I want to automatically choose the right pointer-to-member among overloaded ones based on the "type" of the member, by removing specializations that accept unconcerned members (via enable_if).
I have the following code:
class test;
enum Type
{
INT_1,
FLOAT_1,
UINT_1,
CHAR_1,
BOOL_1,
INT_2,
FLOAT_2,
UINT_2,
CHAR_2,
BOOL_2
};
template<typename T, Type Et, typename func> struct SetterOk { static const bool value = false; };
template<typename T> struct SetterOk<T,INT_1,void (T::*)(int)> { static const bool value = true; };
template<typename T> struct SetterOk<T,FLOAT_1,void (T::*)(float)> { static const bool value = true; };
template<typename T> struct SetterOk<T,UINT_1,void (T::*)(unsigned int)> { static const bool value = true; };
template<typename T> struct SetterOk<T,CHAR_1,void (T::*)(char)> { static const bool value = true; };
template<typename T> struct SetterOk<T,BOOL_1,void (T::*)(bool)> { static const bool value = true; };
template<typename T> struct SetterOk<T,INT_2,void (T::*)(int,int)> { static const bool value = true; };
template<typename T> struct SetterOk<T,FLOAT_2,void (T::*)(float,float)> { static const bool value = true; };
template<typename T> struct SetterOk<T,UINT_2,void (T::*)(unsigned int, unsigned int)> { static const bool value = true; };
template<typename T> struct SetterOk<T,CHAR_2,void (T::*)(char,char)> { static const bool value = true; };
template<typename T> struct SetterOk<T,BOOL_2,void (T::*)(bool,bool)> { static const bool value = true; };
template <bool, class T = void> struct enable_if {};
template <class T> struct enable_if<true, T> { typedef T type; };
template<typename T, Type Et>
struct Helper
{
template<typename U>
static void func(U method, typename enable_if<SetterOk<T,Et,U>::value>::type* dummy = 0)
{
}
};
class test
{
public:
void init()
{
Helper<test,INT_2>::func(&test::set);
}
void set2(int);
void set(int);
void set(int,int);
void set(float,float);
};
int main()
{
test t;
t.init();
return 0;
}
I'm expecting it to choose the right function between all possible. The problem is that the compiler says "cannot deduce template argument as function argument is ambiguous".

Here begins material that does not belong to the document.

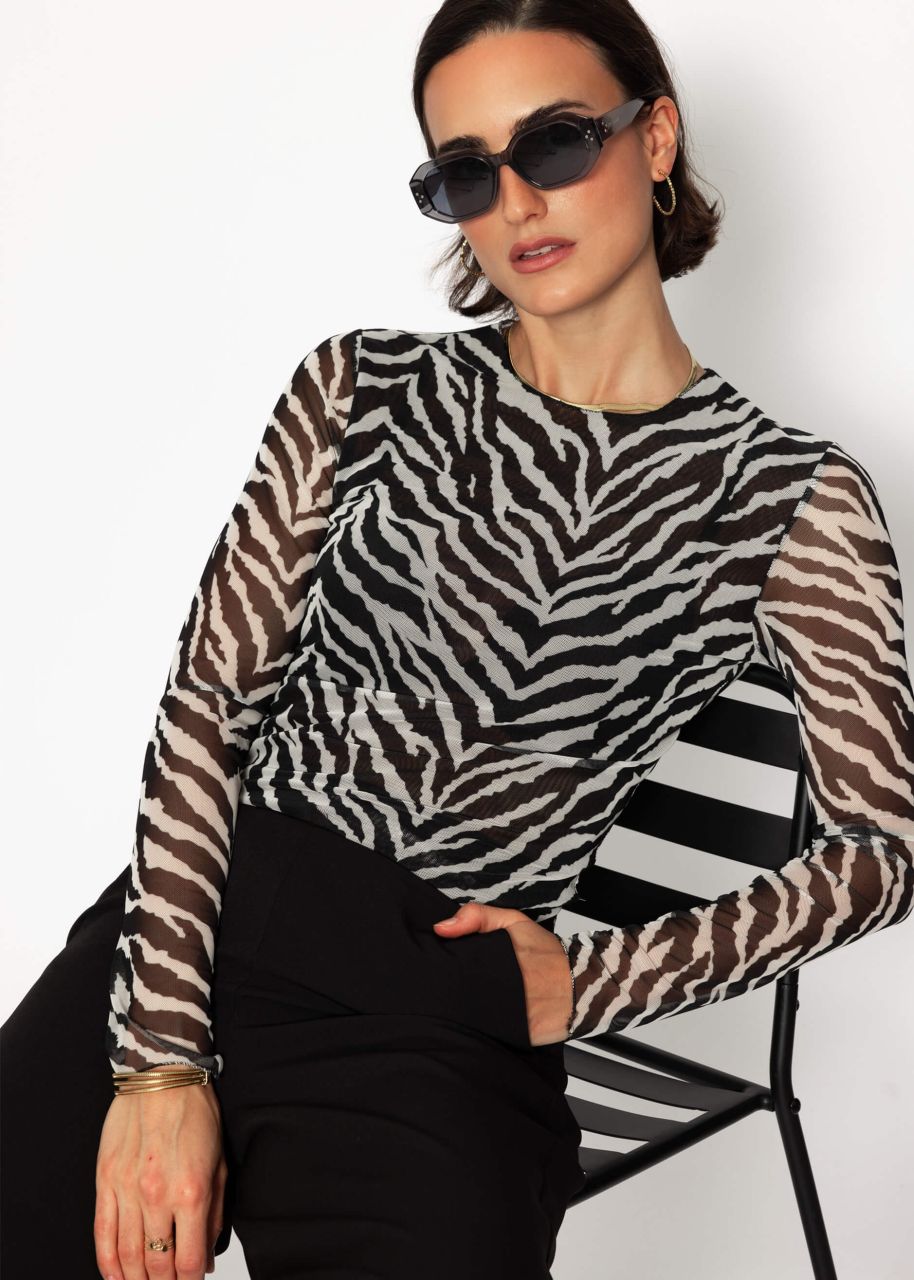 Zebra Mesh Shirt - black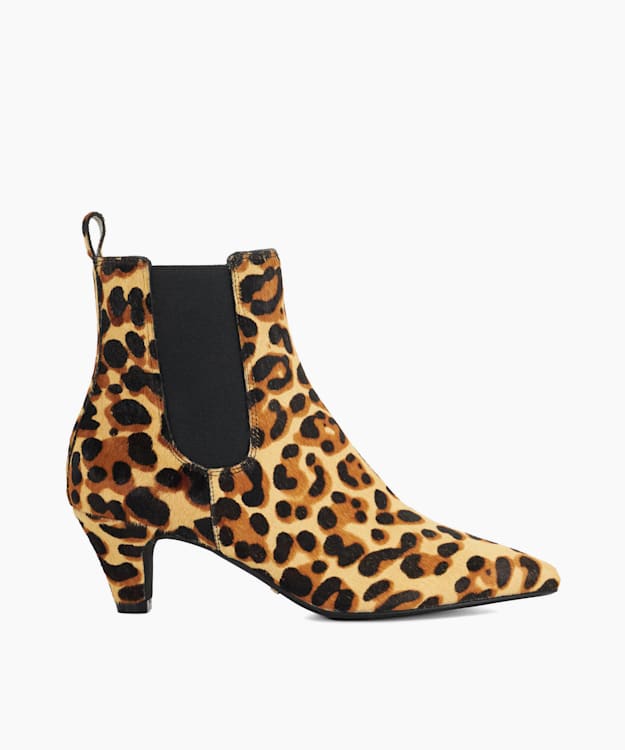 dune london Obvious - Leopard Statement Mid Heel Chelsea Ankle Boots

It seems I don't know how to use enable_if, because if so the compiler would only allow the specialization if the specified function has the right type...

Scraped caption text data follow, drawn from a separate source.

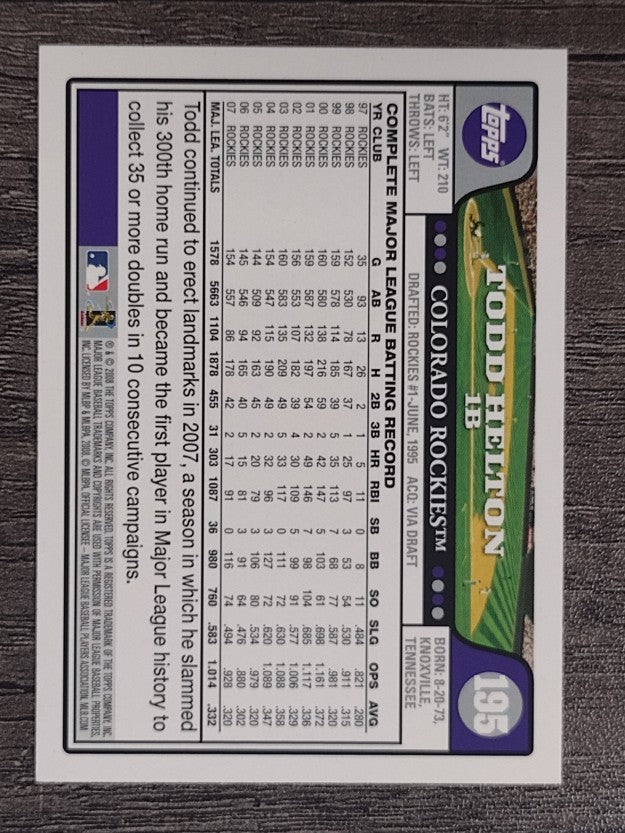 2008 Topps Gold Foil #195 Todd Helton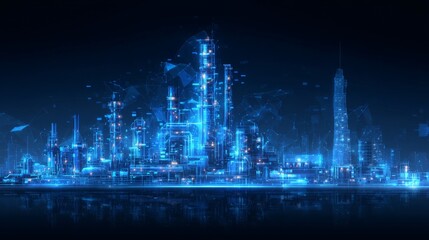 Fototapeta premium The detailed and colorful image of a hydrogen facility, powered by clean energy, showcases a complex futuristic plant with various machinery, pipelines, and towers, all set in a modern industrial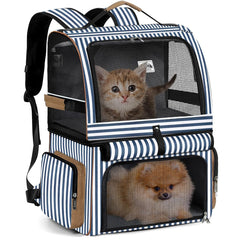 Lekebobor sac à dos porte-chat double compartiment bleu rayures prêt pour deux chats.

Note that I want to have C++03 solutions (if possible) - my code must compile on some old compilers.
Thanks in advance
You can never refer to an overloaded function without disambiguating it (means: static_casting it to the correct type). When you instantiate Helper::func the type of the function argument cannot be known without ever disambiguating it.
The reason it doesn't compile is quite simply that there are several different overloaded functions and it doesn't know which one you mean. Granted, only one of these (void set(int,int)) would actually compile, given the specialization Helper<test,INT_2>. However, this is not enough for the compiler to go on.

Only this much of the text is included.